TV Tropes is a decent source for this matter.


----------



## johnsonjoshuak (Feb 22, 2016)

X Equestris said:


> Don't stick tepees in places they don't belong.  In other words, non-Plains environs.  And many of the Plains tribes built earthen lodges they wintered in.  TV Tropes is a decent source for this matter.



I didn't even think of TV Tropes, thanks


----------



## TheKillerBs (Feb 22, 2016)

Research the Native American tribes that lived in a region similar to the one where your fictional culture resides. That way not only will you know what to avoid, but you will also know what to include.


----------



## Caged Maiden (Feb 23, 2016)

For me, the most important thing when incorporating a real-world cultural feel to a fantasy project, is to remember to portray the culture in a positive light. So absolutely take the things you like about the culture, but then don't rely on a more "European" way of communicating it? I don't know whether i'm saying that right. I'll try to clarify. 

A while ago, we had a fellow scribe who made an African-feeling culture, but he gave them some distinctly European traits, and that angered a few readers, because they felt he was saying the people weren't good enough without making them more European. It seems a silly perspective in a way, because he was just trying to make something unique, but I suppose the argument had merit, despite the unintentional message. And I mean no insult to people who feel either way about that particular issue, I'm only using it as an example of what I'm trying to convey. If you took that culture, say, based on Native American people that we as readers will recognize, but then you give them a religion that feels an awful lot like Christianity, it may send an unintended message that they are a great culture, but would have been better if they were more "like this" or whatever.

Oh man, please understand what I'm saying, because I'm trying to be tactful, but it's a tough thing to talk about without causing offense.

If you're using a recognizable culture, consider the ramifications of changing things, and I know that's hard to do, because our very craft is in taking something real and twisting it into something creative and unique. But when you change people's culture and heritage (and let's be serious for a moment, some cultures have a history of abuse by other people and attempts in the past to "Americanize" or "Europeanize" their members has been cruel and horrific in many ways), you can send a message reaffirming the hurt caused in the past.

There are probably tons of resources where you could learn about different native people in the Americas (I used to live in New Mexico and we had a bunch of local resources, like the cultural heritage museum, but I'm not sure where to find them on the internet), and research would probably help you to find some really authentic ways to portray your fantasy culture with a respectful nod to their inspired real-world cultures. 

I think it's great to set out trying not to be negative and cause offense, as I'm very concerned with the same things, but also consider how you can use your fantasy culture to bring to light some of the amazing things of your subject culture. Will you delve deep into the traditions of the subject culture? Will you combine different qualities from distinct real-world peoples to create a hybrid sort of fantasy culture? Will you use a few surface details but change the whole identity of the culture, by creating a lot from your own mind and imagination? How might that affect actual members of that real-world culture? Are they included in your target audience? 

I don't want to advocate overthinking this, but it's a ground I tread very carefully, as I've seen writers get raked over the coals for innocent choices that bite them in the ass later, when critiques come back very negative.

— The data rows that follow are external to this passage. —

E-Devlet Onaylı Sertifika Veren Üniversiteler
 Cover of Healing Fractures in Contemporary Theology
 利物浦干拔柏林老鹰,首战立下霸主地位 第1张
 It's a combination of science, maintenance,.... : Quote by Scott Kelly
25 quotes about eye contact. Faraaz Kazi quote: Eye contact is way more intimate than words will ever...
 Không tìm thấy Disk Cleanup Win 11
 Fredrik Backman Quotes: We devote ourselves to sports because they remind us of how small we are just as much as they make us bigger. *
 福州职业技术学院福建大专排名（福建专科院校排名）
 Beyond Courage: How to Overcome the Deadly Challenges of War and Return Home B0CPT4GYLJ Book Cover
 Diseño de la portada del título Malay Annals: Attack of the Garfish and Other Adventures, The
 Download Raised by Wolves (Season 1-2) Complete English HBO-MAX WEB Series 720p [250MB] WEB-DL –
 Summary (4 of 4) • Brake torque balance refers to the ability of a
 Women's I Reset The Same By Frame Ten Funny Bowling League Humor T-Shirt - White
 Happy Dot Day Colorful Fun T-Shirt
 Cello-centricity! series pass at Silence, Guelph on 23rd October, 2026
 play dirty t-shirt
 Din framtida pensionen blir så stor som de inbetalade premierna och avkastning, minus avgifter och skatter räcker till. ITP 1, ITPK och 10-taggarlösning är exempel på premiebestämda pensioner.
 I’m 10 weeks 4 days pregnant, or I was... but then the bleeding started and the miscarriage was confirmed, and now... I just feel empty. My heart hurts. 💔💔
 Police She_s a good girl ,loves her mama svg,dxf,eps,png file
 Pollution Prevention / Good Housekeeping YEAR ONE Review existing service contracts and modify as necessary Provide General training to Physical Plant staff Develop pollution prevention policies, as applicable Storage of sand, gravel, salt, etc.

But in the end, we all have to make choices that are right for us and the work. In my current novel, I have a woman who was raised by a witch. I have to use that word, not because it's one I love or anything, and I understand how it's both a positive word for people who identify themselves with it, and a negative one to people who think it's demeaning or scary, or inappropriate for any number of reasons. But seriously, I had to pick something, and it's a word that I think most readers will accept as appropriate for the kind of woman the subject was--an earthy lady who dealt with herbs and spirits and who used her magic to astral project and create charms. What else would you call her? I could make up a word, but then that would subject my work to unnecessary explanations over something that's a TINY point of the book. All I need the reader to understand is that my MC has the ability to see auras, she mixes potions and poisons, and she thinks she can astral project, and she attributes it all to the woman who raised her and taught her the earthy sort of magic of her culture. But I'm prepared to defend my word choice to any future Wiccan or Christian reader who might take offense. I just have to hope that people can get over my not having a perfect word for what I'm doing, because I reality, I have to foremost provide a story in the English language that readers will understand, and my big job is to not overcomplicate things by dragging in unnecessary explanation.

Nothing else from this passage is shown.